Rasen area farmers fear another attack

A group of Herdwick sheep, similar to those attacked in the Market Rasen area.
A group of Herdwick sheep, similar to those attacked in the Market Rasen area.
  • ‘Once dogs get a taste for chasing and worrying sheep, their instincts take over’

A local farmer has urged dog owners to ensure their animals are kept under control amid fears of other potential attacks.

This comes after 26 sheep were killed in what is believed to be an incident involving one or more dogs off Caistor Road in Osgodby on January 5.

Speaking to the Market Rasen Mail, Osgodby farmer Charles Jackson said that the coming weeks are a ‘crucial time’ for the farming community.

He said: “We are due to start lambing in five or six weeks.

“A dog attack would be particularly dangerous for us at this time.

“Once dogs get a taste for chasing and worrying sheep their instincts take over and they are likely to do it again.

“This is why we are particularly uneasy following the attack that happened recently and why it is also important that dogs are secure in homes or kennels overnight.”

According to the NFU, it is estimated more than 18,500 livestock were killed in the UK in 2015.

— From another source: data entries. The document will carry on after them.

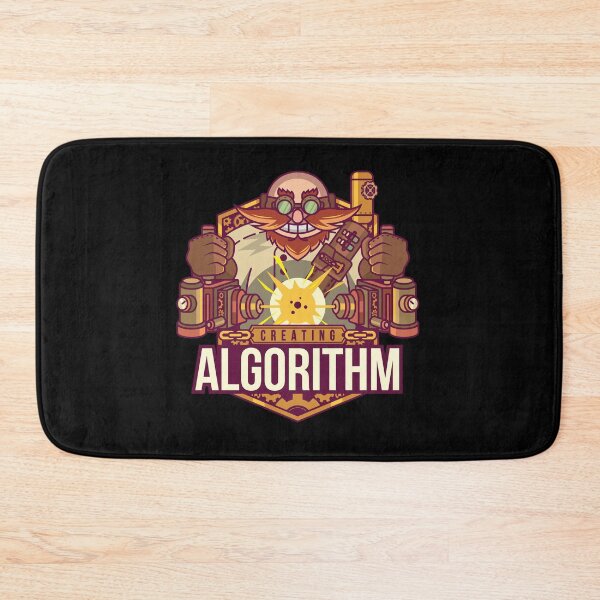 Item preview, Creating algorithm designed and sold by devshirt-club.
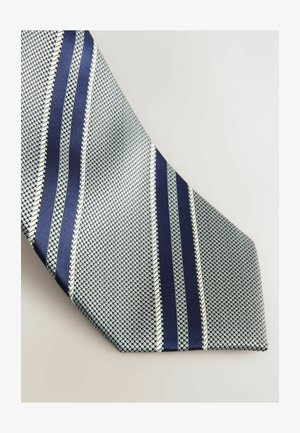 Next PATTERN - Cravatta - green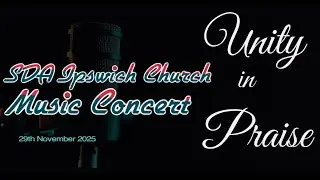 Unity In Praise Concert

Despite those figures, Mr Jackson told the Mail that ‘to his knowledge’ the Rasen area had not experienced ‘an excess’ of livestock worrying incidents.

He said: “About five years ago, I had an incident whereby I happened upon a dog roaming in one of my sheep fields.

“Its owner had allowed it to roam and lost control.

“Thankfully, the dog did not worry the sheep but had caused them all to huddle together.

“Once they [dog owners] get off the beaten track they think they can just let their dogs off.

“It’s up to the owner to take responsibilty for their dogs and keep them under control.”

The attack in Osgodby earlier this month has shaken not just the local farming community but left a significant impression on the wider community .

Chairman of Kirkby cum Osgodby Parish Council Stephen Chester described the incident as ‘disturbing’.

He said: “This was truly a most disturbing incident and I hope that it will shock dog owners, of whom I am one, into realising the potential consequences of not keeping their dogs under control.

“It is not just larger dogs which can be a problem - I recently observed a Jack Russell enter a field and chase a small flock of sheep.

“There was no sign of anyone in charge of the dog and it had run off before I could reach it.

“At our next parish council meeting, I shall be reminding dog-owners that all dogs, regardless of size and previous behaviour, can be a menace to livestock and poultry and that owners must behave responsibly and considerately.”